(THE TASK): Each line from the one that contains "Affordable and Quality" to the end of the entries must be copied word for word, and only those lines.

(Caption-style text data):
= Beginning of Section =

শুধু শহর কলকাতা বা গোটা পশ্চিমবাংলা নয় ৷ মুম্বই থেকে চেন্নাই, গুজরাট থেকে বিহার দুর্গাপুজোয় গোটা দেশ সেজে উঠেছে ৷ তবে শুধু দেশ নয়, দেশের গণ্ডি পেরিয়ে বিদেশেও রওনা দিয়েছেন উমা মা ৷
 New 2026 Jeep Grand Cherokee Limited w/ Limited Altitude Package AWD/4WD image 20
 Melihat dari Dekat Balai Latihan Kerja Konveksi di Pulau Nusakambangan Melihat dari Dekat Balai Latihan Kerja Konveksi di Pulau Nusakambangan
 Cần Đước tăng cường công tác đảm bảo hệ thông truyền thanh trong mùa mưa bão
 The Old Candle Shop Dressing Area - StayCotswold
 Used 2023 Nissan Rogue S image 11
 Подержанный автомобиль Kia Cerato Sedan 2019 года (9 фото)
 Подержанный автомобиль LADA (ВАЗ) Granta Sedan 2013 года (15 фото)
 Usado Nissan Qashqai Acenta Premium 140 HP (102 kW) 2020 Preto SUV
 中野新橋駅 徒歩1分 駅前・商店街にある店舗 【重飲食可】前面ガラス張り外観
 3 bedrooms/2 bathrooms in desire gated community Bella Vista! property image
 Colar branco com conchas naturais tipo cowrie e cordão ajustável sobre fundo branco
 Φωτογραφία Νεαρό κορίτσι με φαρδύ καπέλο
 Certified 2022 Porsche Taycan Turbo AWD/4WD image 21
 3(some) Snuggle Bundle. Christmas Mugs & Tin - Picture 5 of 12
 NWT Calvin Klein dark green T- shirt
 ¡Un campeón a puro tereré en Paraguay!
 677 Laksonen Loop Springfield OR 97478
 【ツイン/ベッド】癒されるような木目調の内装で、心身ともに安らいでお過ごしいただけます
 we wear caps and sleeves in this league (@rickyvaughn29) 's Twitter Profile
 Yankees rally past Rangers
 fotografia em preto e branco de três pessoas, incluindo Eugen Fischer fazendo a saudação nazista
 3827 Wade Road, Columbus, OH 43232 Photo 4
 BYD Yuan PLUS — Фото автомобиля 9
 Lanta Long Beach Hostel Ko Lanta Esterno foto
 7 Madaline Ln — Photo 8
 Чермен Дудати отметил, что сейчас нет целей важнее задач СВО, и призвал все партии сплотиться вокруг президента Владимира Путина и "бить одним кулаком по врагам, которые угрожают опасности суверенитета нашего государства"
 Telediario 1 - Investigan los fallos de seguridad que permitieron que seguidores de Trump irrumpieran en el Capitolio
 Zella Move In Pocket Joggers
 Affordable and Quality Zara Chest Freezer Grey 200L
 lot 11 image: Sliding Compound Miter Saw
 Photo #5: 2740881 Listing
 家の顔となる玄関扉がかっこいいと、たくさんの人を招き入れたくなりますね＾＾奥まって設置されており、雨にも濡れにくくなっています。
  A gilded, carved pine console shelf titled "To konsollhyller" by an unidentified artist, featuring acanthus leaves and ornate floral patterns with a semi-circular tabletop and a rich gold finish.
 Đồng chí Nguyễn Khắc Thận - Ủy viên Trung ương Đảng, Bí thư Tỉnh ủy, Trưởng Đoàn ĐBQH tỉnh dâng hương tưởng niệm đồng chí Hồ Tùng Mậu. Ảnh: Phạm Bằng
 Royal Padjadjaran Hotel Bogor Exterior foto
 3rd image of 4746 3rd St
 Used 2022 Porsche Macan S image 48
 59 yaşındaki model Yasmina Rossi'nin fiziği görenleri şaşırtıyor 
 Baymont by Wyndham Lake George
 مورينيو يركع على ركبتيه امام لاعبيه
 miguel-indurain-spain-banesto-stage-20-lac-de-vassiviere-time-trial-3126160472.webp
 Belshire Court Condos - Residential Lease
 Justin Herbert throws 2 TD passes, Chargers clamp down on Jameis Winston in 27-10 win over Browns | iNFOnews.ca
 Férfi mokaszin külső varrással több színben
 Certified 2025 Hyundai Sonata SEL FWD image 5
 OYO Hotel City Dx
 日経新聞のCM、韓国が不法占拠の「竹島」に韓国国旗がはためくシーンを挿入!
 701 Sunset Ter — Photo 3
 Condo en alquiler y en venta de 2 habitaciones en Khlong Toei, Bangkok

= End of Section =

(SOLVED EXERCISE):
 Affordable and Quality Zara Chest Freezer Grey 200L
 lot 11 image: Sliding Compound Miter Saw
 Photo #5: 2740881 Listing
 家の顔となる玄関扉がかっこいいと、たくさんの人を招き入れたくなりますね＾＾奥まって設置されており、雨にも濡れにくくなっています。
  A gilded, carved pine console shelf titled "To konsollhyller" by an unidentified artist, featuring acanthus leaves and ornate floral patterns with a semi-circular tabletop and a rich gold finish.
 Đồng chí Nguyễn Khắc Thận - Ủy viên Trung ương Đảng, Bí thư Tỉnh ủy, Trưởng Đoàn ĐBQH tỉnh dâng hương tưởng niệm đồng chí Hồ Tùng Mậu. Ảnh: Phạm Bằng
 Royal Padjadjaran Hotel Bogor Exterior foto
 3rd image of 4746 3rd St
 Used 2022 Porsche Macan S image 48
 59 yaşındaki model Yasmina Rossi'nin fiziği görenleri şaşırtıyor 
 Baymont by Wyndham Lake George
 مورينيو يركع على ركبتيه امام لاعبيه
 miguel-indurain-spain-banesto-stage-20-lac-de-vassiviere-time-trial-3126160472.webp
 Belshire Court Condos - Residential Lease
 Justin Herbert throws 2 TD passes, Chargers clamp down on Jameis Winston in 27-10 win over Browns | iNFOnews.ca
 Férfi mokaszin külső varrással több színben
 Certified 2025 Hyundai Sonata SEL FWD image 5
 OYO Hotel City Dx
 日経新聞のCM、韓国が不法占拠の「竹島」に韓国国旗がはためくシーンを挿入!
 701 Sunset Ter — Photo 3
 Condo en alquiler y en venta de 2 habitaciones en Khlong Toei, Bangkok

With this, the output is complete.